Your goal: Reproduce the entries below exactly, but leave the pictures out.

(Extracted records)

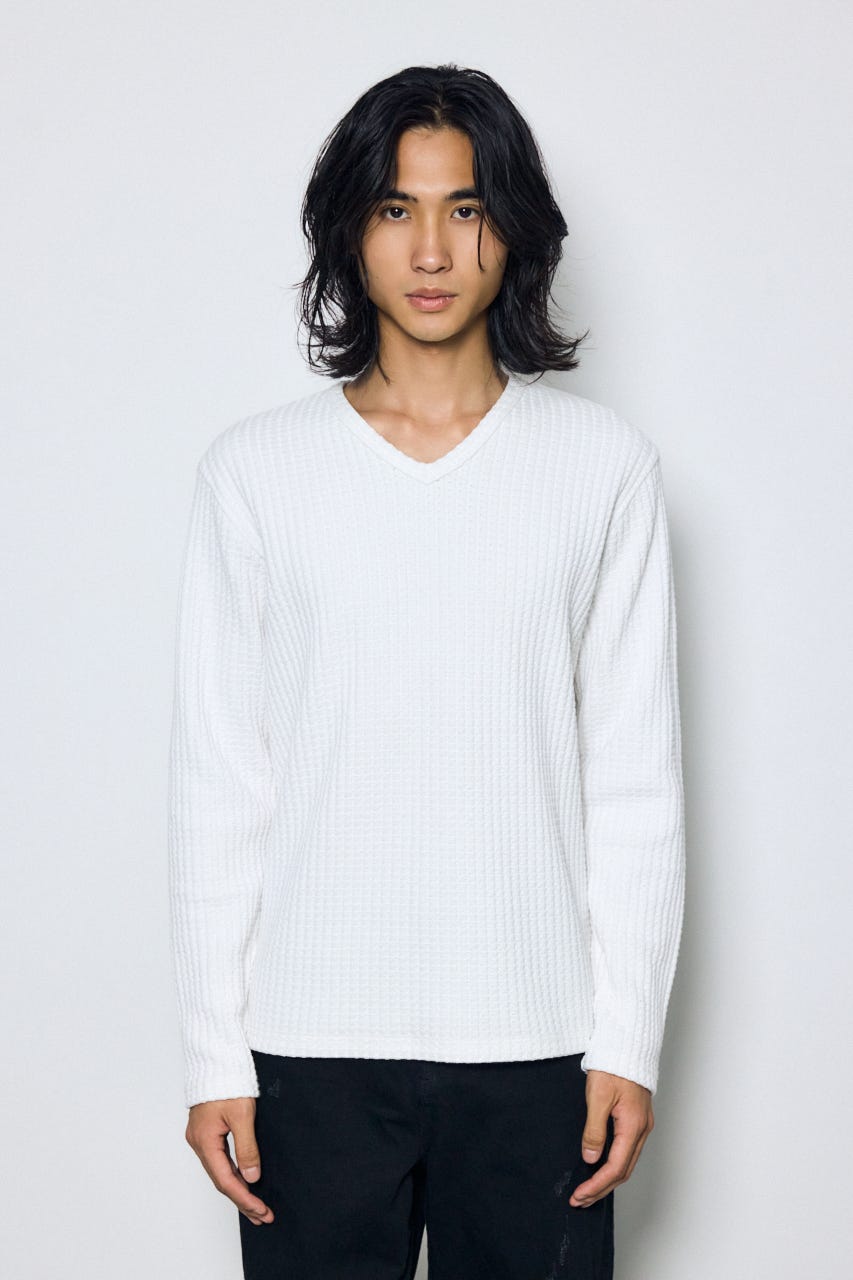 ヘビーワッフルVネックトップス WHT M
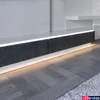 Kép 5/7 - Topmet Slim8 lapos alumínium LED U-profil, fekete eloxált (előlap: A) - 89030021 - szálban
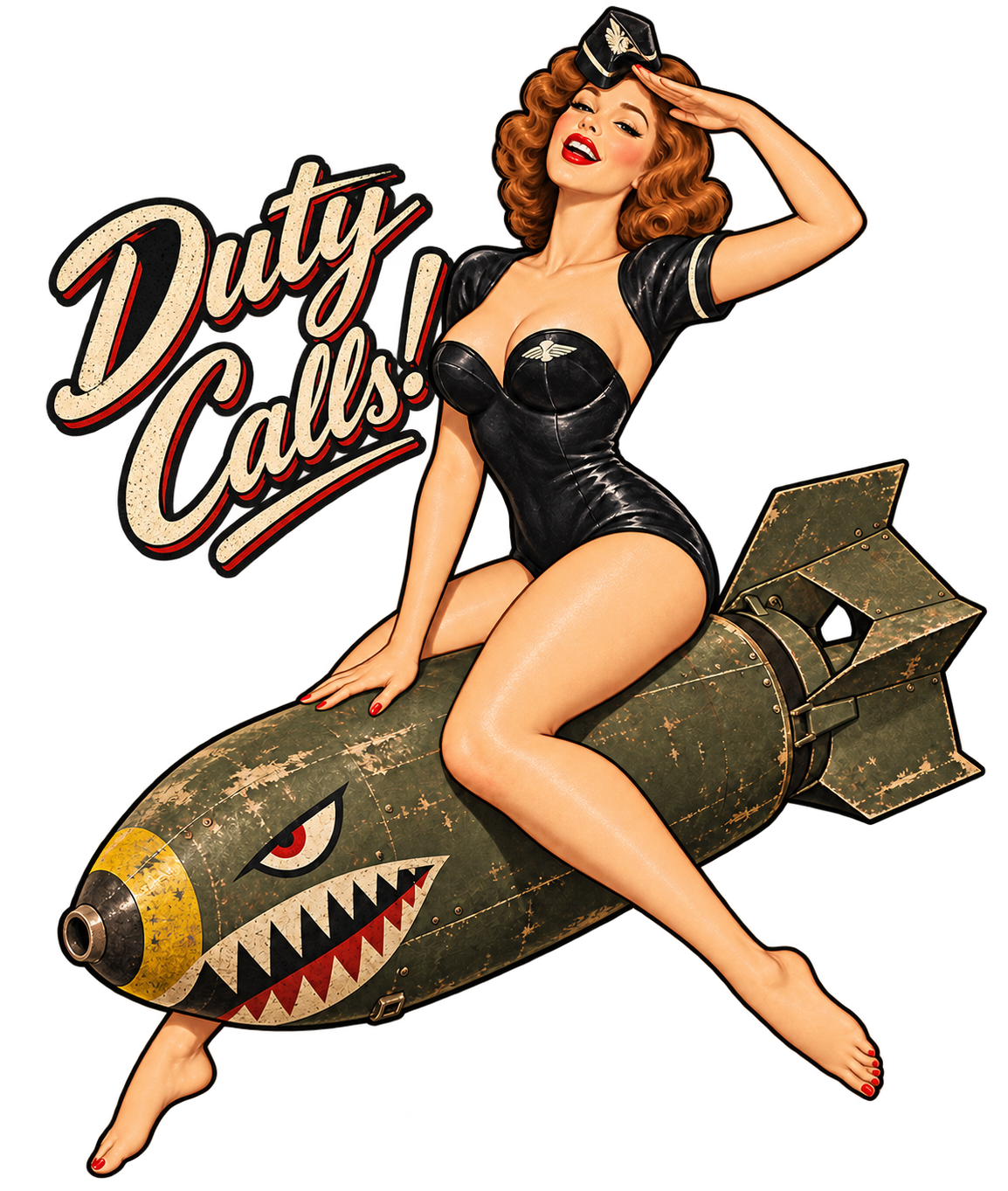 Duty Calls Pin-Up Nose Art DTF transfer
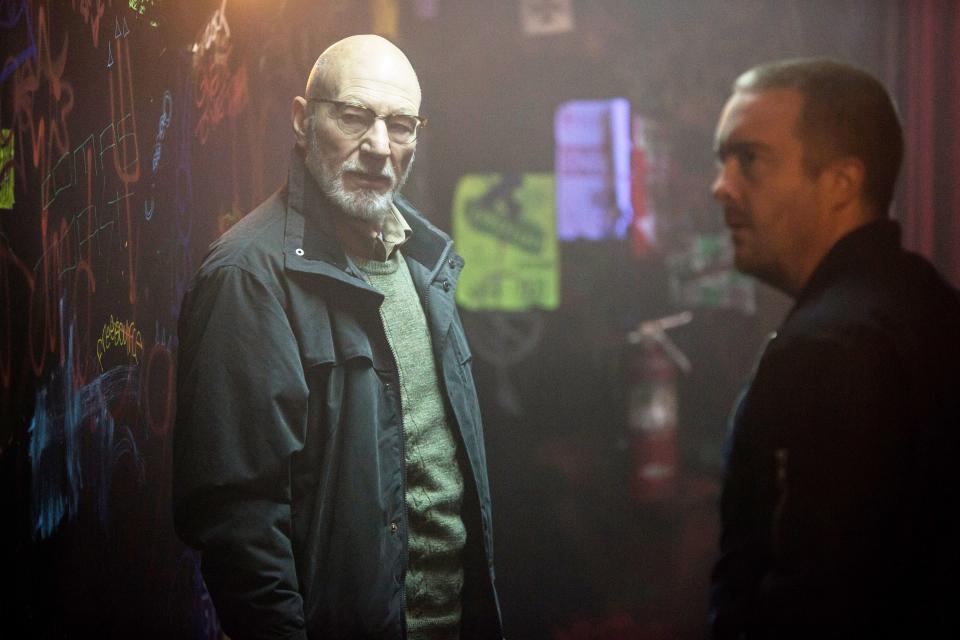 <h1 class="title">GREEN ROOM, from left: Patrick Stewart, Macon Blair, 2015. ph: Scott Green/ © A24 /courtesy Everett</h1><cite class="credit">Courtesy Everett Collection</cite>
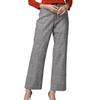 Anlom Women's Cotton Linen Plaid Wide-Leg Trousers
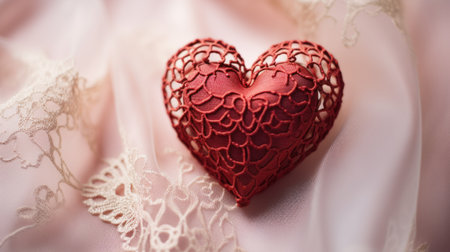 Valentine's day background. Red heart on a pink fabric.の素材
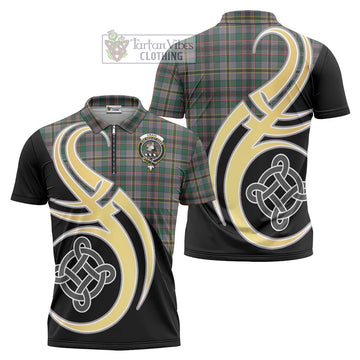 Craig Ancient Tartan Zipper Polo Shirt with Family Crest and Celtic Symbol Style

Final answer:
 ヘビーワッフルVネックトップス WHT M
 Kép 5/7 - Topmet Slim8 lapos alumínium LED U-profil, fekete eloxált (előlap: A) - 89030021 - szálban
 Duty Calls Pin-Up Nose Art DTF transfer
 <h1 class="title">GREEN ROOM, from left: Patrick Stewart, Macon Blair, 2015. ph: Scott Green/ © A24 /courtesy Everett</h1><cite class="credit">Courtesy Everett Collection</cite>
 Anlom Women's Cotton Linen Plaid Wide-Leg Trousers
 Valentine's day background. Red heart on a pink fabric.の素材
 Craig Ancient Tartan Zipper Polo Shirt with Family Crest and Celtic Symbol Style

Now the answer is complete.